The new nation, as everyone knows, decided to separate Church and state; it declared religious liberty to be in opposition to religious establishments. Alas, it is a bit more complicated than that. Individual states were allowed to retain certain forms of establishment – usually requirements that office-holders be Protestant, but sometimes the full establishment of a church. It was the federal government (as well as a few states) that firmly established the principle of separation. But even here things are ambiguous: chaplains were appointed to Congress, and most early presidents called for days of fasting and prayer.
Despite such ambiguity, the principle of separation took root, making America the prime engine of the ‘secular liberalism’ that more or less holds sway in the West today. Why did it take root? What was its motivation? Was it on religious or secular grounds that the ideal of separation became a major feature of the founding era?
Beware of any book that claims to answer these questions. Look to the evidence. This book presents the key evidence (declarations, constitutions, pamphlets, sermons, letters) with admirable clarity.

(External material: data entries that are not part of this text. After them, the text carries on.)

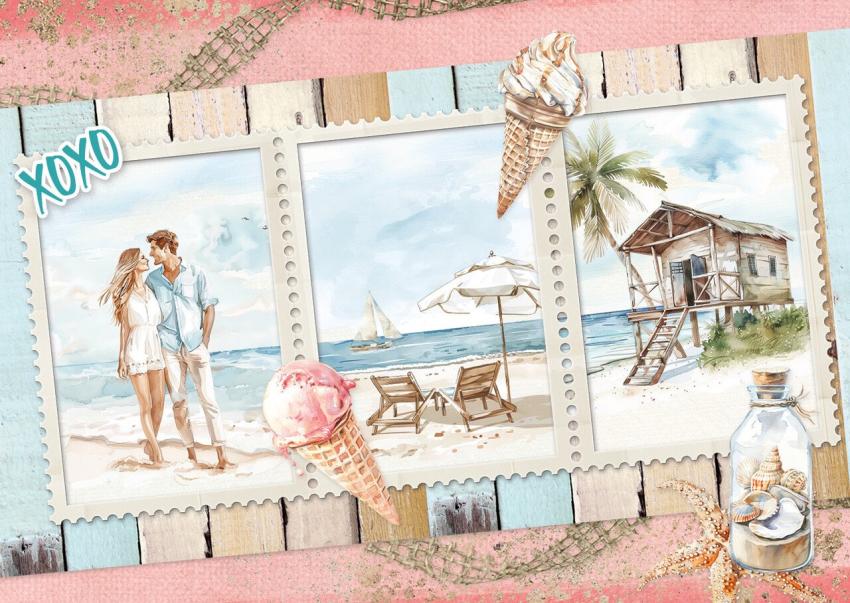 Studio Light  "Summer Celebration" Cardmaking Pad A4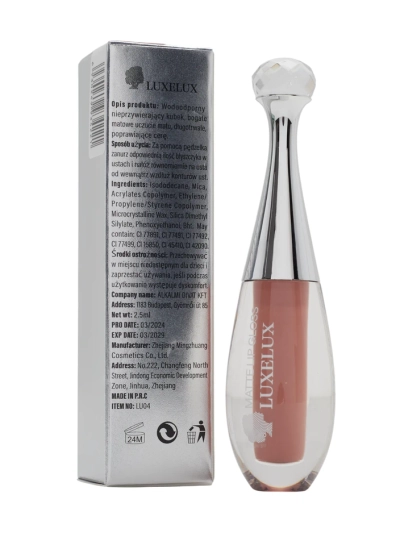 Luxelux Matný rúž 04 2.5ml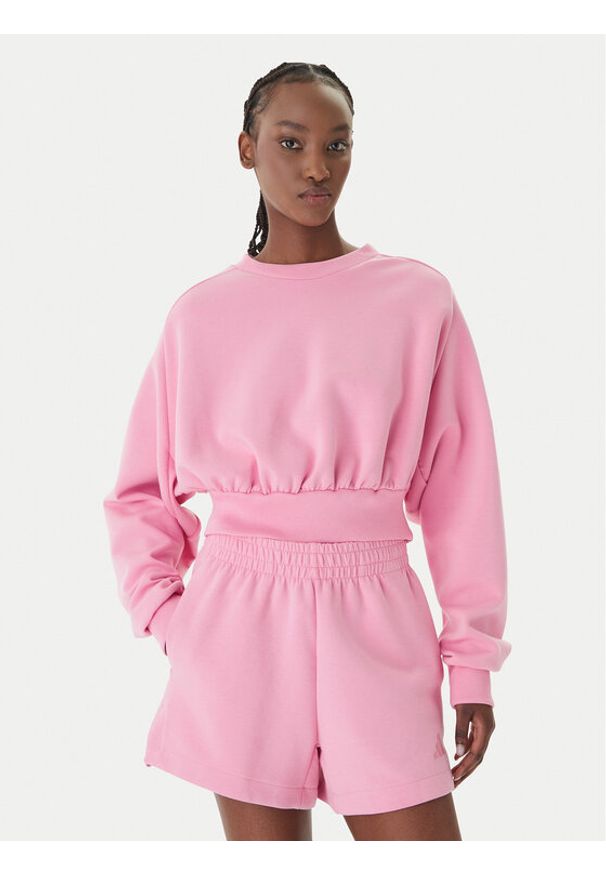 Adidas - adidas Bluza Soft Lux KA7016 Różowy Loose Fit. Kolor: różowy. Materiał: syntetyk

The initial revolution had little interest in pitting religious liberty against traditional church structures; the Deist language of ‘inalienable rights’ was not yet applied to religion. Separationist ideas arose when states, particularly Virginia, drafted new constitutions. In that state, Thomas Jefferson and James Madison, patrician Anglican Deists, allied with Baptists against the Anglican establishment, to produce an almost totally secular constitution, which influenced the federal First Amendment (written by Madison). So the motivation was both Deist and dissenting – it was certainly more liberal Protestant than anti-religious. (This alliance was echoed when Jefferson was president: he promised to defend the liberty of the Baptists of Danbury, Connecticut – this time from Congregationalists). But in other states, the emphasis was on preserving some form of establishment from the seemingly corrosive effects of individual liberty. As the editors say in their introduction, ‘[T]hese state constitutions reveal the tensions between full religious freedom and the desire for religion to continue playing a prominent role in public life. Whatever religious freedom meant to Americans in the Founding period, few wanted religion to become an entirely private matter’ (p. 12).
By including plenty of more conservative voices, this book shows that the new nation did not have a single clear ideology, as one tends to assume: it was an argument between the principle of full religious liberty (rooted in Protestant idealism) and a loose form of establishment (privileges for Protestants). Careful attention to this can help us rethink contemporary assumptions about a conflict between ‘religion’ and ‘secular liberalism’ – on both sides of the Atlantic.